Sexuality is itself racialized, and so we can place the white male geek on a racial and gendered continuum that situates him between, on the one hand, male jocks and black males, who are stereotypically considered more embodied, sexual, and animalistic, and, on the other, Asian male geeks, who are stereotypically considered even more rational and less sexual than white male geeks. Note that these raced positionings along the masculinity / femininity continuum largely result from the projection of white male fantasies, not necessarily anything in “real life”—they are white middle-class cultural stereotypes. Also note that we must specify males here because the raced and sexualized stereotyping process operates differently for non-white females than it does for their male counterparts. For example, stereotypically Asian females are hyper-sexualized while Asian males are hypo-sexualized.
(see also Nugent 73)
The young white male’s desire to inhabit racialized identities, especially blackness, is displayed in a wide array of geek media: to take just one example, in Swingers (1996), an ur-text of 1990s geekdom depicting geeky white guys trying to play hip in order to attract women, the hippest guy whom everyone else looks up to is Charles, the black guy.
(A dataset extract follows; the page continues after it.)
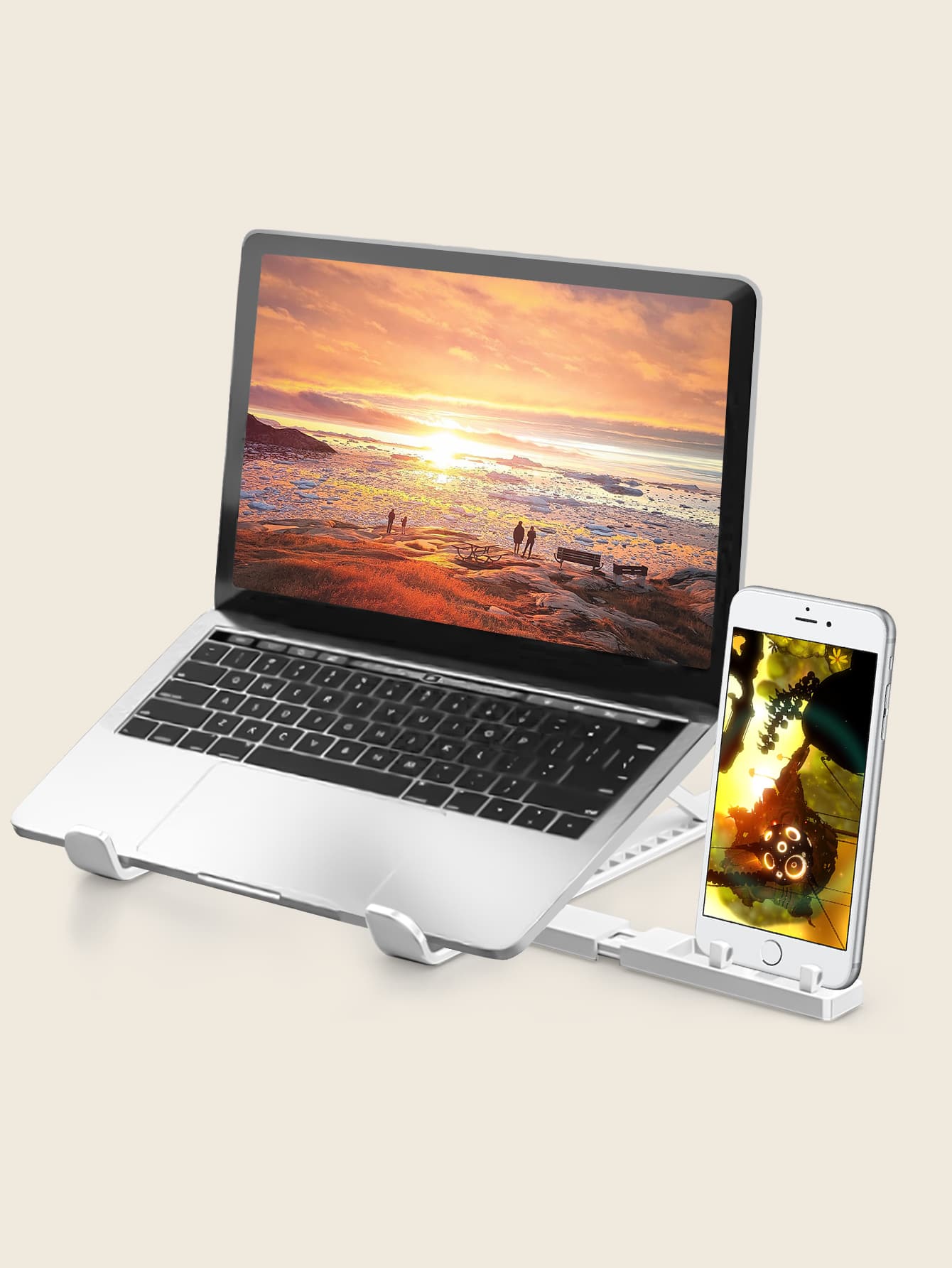 Adjustable Laptop Stand With 13 Levels, Foldable & Portable Notebook Stand With Phone Holder And Cooling Fan, Suitable For 11-17 Inch Laptops - White - View 1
The function of this imagined black masculinity for the feminized geek is rendered in direct, highly sexually charged terms in Kevin Smith’s Dogma (1999). Having just been “outed” as a homosexual fantasizer by a black man (Chris Rock), geeky stoner Jay (Jason Mewes) flees to a heterosexual strip club, where he enters into a bidding war with a black gang leader, Kane (Dwight Ewell) for the attentions of a stripper. At the conclusion of this episode, Kane asks Jay and his "heterosexual life mate," Silent Bob (Smith), to join his gang. Jay and Silent Bob's anxiety over their own sexual impotency and possible queerness is here channeled into projected black gang solidarity: they join the gang to reinforce their masculinity and heterosexuality in the face of their own geeky arrested development.